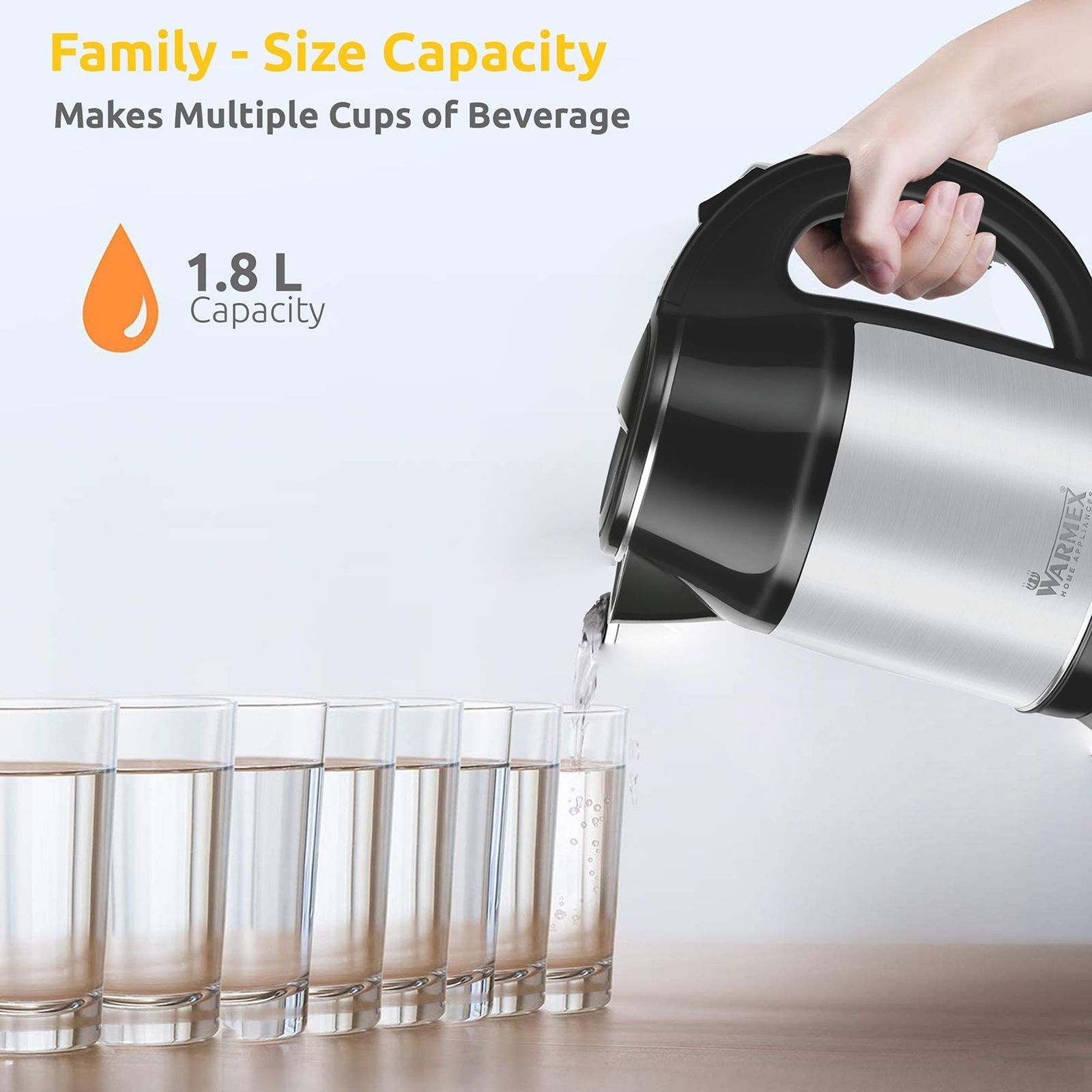 WARMEX Boil & Serve SS 1500 Watt 1.8 Litre Electric Kettle with Auto Shut Off (Black & Silver)_8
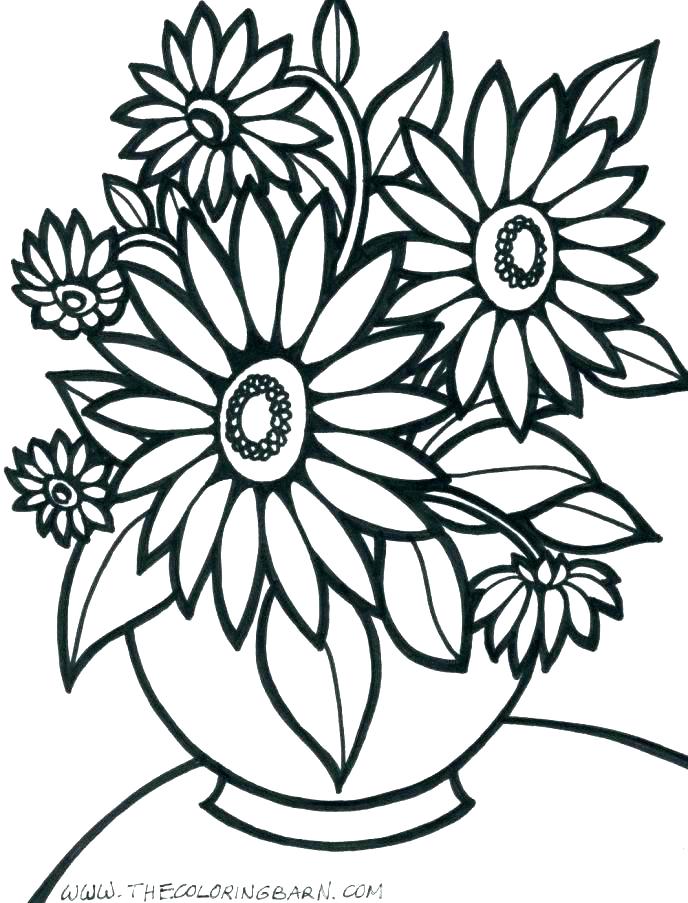 688x903 Printable Flowers To Color Large Flower Coloring Pages Flower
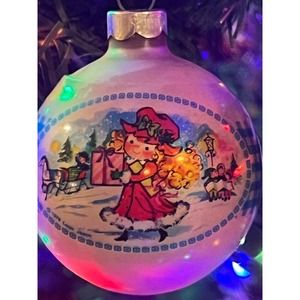 Vintage Coby Leon Johnson Polly Pal Glass Tree Ornaments 1976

□ □ □ □ □ □ □

- **Goal of the exercise**
What is needed is an exact copy of the lines from the one with "688x903 Printable Flowers" through the end of the data above, both included, minus any pictures.

- **Exercise answer**
 688x903 Printable Flowers To Color Large Flower Coloring Pages Flower
 Vintage Coby Leon Johnson Polly Pal Glass Tree Ornaments 1976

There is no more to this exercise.